Harassment of Climate Scientists Continues

The Washington Post, surprisingly, recently had a good story on the ongoing harassment of climate scientists, Harassing climate-change researchers.  It starts out:

“FREEDOM OF information laws are critical tools that allow Americans to see what their leaders do on their behalf. But some global warming skeptics in Virginia are showing that even the best tools can be misused.”

Well, I think our readers have known that for awhile.

Going on:

Lawyers from the Environmental Law Center at the American Tradition Institute (ATI) have asked the University of Virginia to turn over thousands of e-mails and other documents written by Michael E. Mann, a former U-Va. professor and a prominent climate scientist. Another warming skeptic, Virginia Attorney General Ken Cuccinelli II (R), recently demanded many of the same documents to determine whether Mr. Mann somehow defrauded taxpayers when he obtained research grants to study global temperatures.
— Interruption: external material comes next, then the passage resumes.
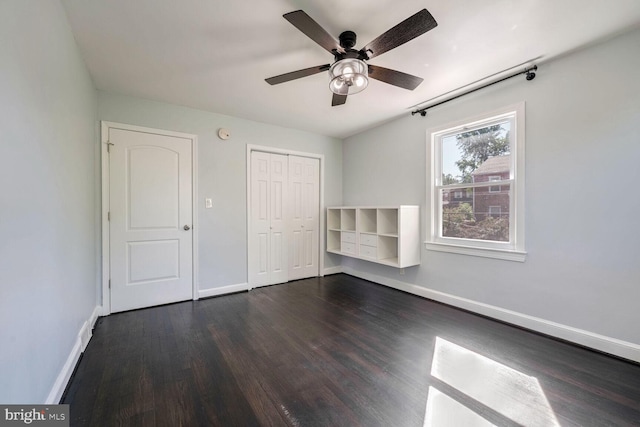 unfurnished bedroom featuring ceiling fan, dark wood-type flooring, and a closet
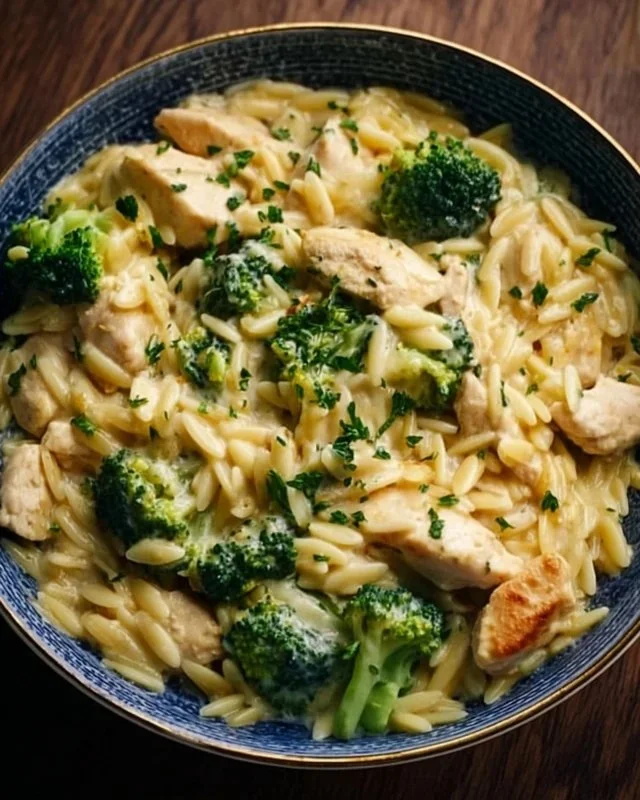 Creamy cheesy chicken and broccoli orzo recipe with vibrant ingredients.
A judge quashed Mr. Cuccinelli’s chilling “civil investigative demand.” But even though Mr. Mann wasn’t an agent of the commonwealth in any practical sense when he worked at U-Va., the university hasn’t been able to dismiss ATI’s requests, since Mr. Mann’s e-mails are public records in a technical sense. U-Va. agreed last week that it will hand over all the material that state law obliges it to release by Aug. 22….

Going after Mr. Mann only discourages the sort of scientific inquiry that, over time, sorts out fact from speculation, good science from bad. Academics must feel comfortable sharing research, disagreeing with colleagues and proposing conclusions — not all of which will be correct — without fear that those who dislike their findings will conduct invasive fishing expeditions in search of a pretext to discredit them. That give-and-take should be unhindered by how popular a professor’s ideas are or whose ideological convictions might be hurt.

Going after Mann does a lot of things. It falsely make it seem as though climate scientists need to be investigated. (Half a dozen investigations following the false scandal or framing of climate scientists known as “climategate” should have shown by now that they are doing their job correctly and no one needs to babysit them.) It also makes these researchers nervous — who wants someone with an axe to grind going through years upon years of emails? And, furthermore, it wastes everyone’s time. There are one million and one other things that need our attention — not this.